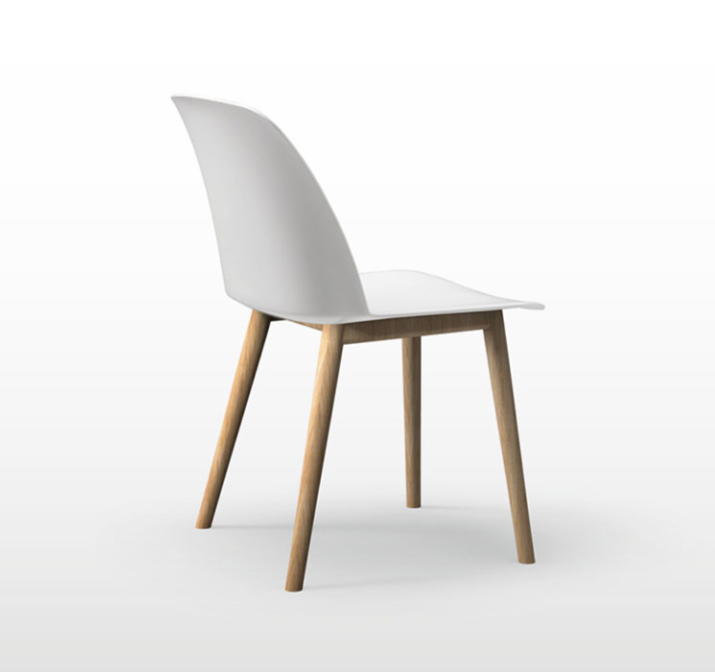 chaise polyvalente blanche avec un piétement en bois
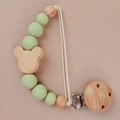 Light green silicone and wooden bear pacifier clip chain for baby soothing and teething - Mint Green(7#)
===
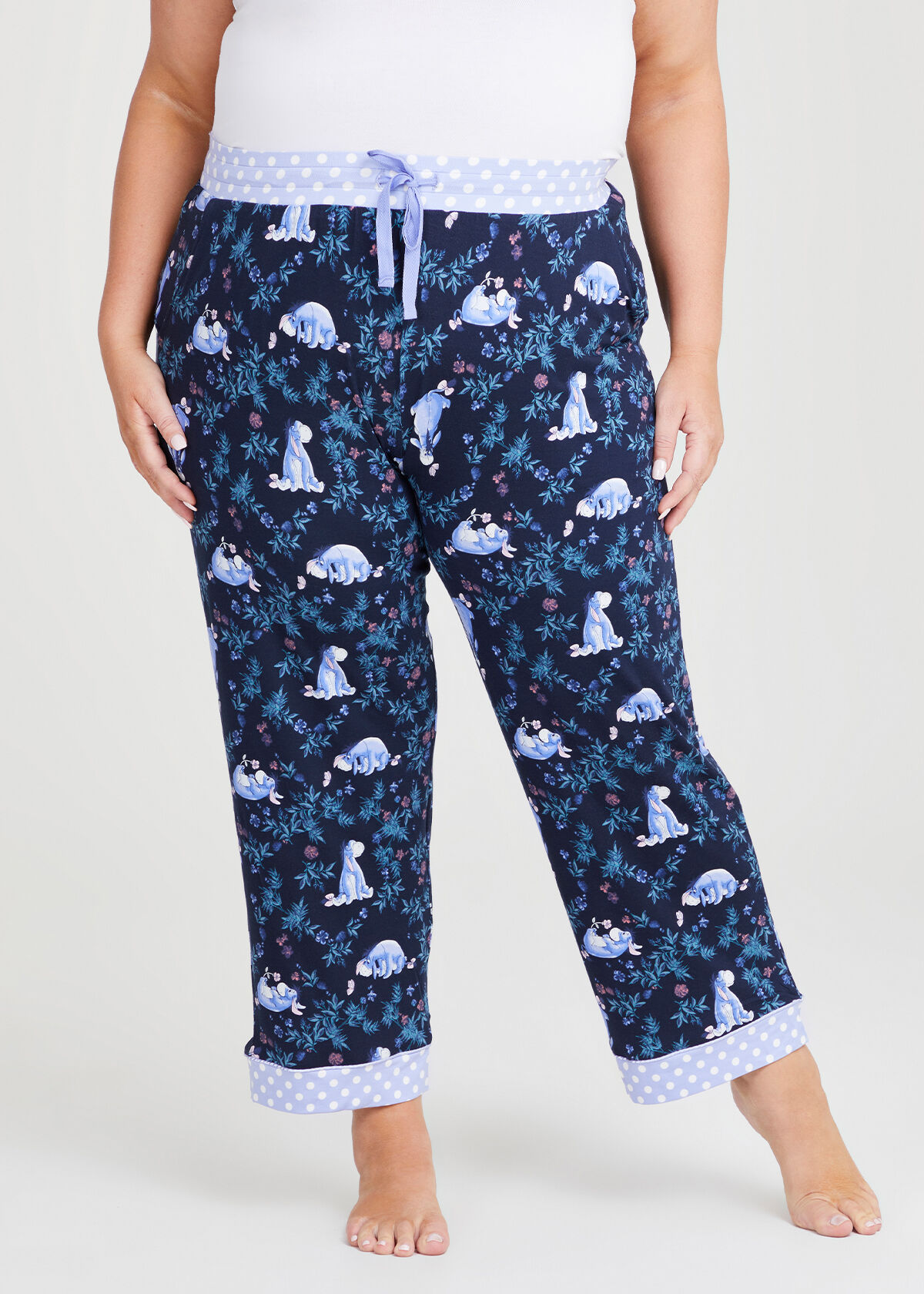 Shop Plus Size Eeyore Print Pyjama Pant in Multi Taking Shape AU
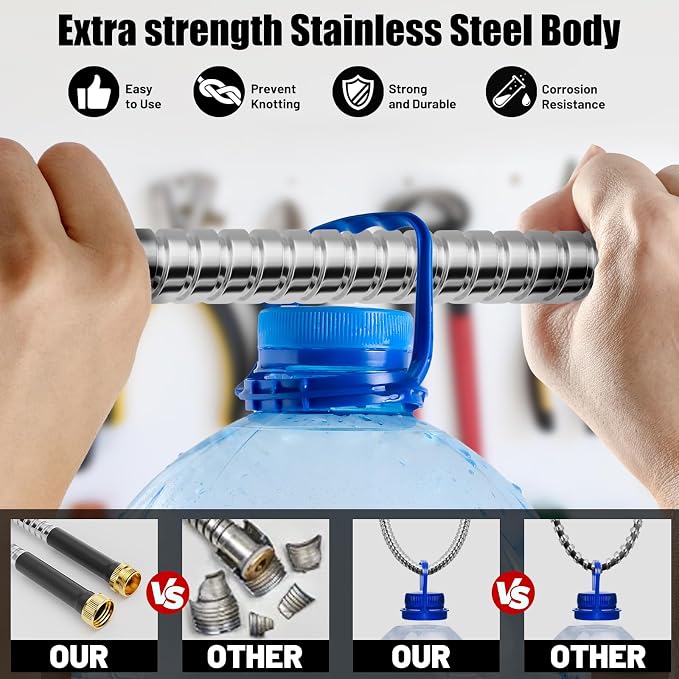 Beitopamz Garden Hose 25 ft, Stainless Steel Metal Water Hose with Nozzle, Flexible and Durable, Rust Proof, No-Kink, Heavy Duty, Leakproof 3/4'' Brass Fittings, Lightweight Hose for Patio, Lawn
===
*Activity*:
Only the lines above starting with the line with "chaise polyvalente blanche" and going on through the line with "Light green silicone" belong in the answer; repeat them exactly, minus any picture.

*Exercise answer*:
 chaise polyvalente blanche avec un piétement en bois
 Light green silicone and wooden bear pacifier clip chain for baby soothing and teething - Mint Green(7#)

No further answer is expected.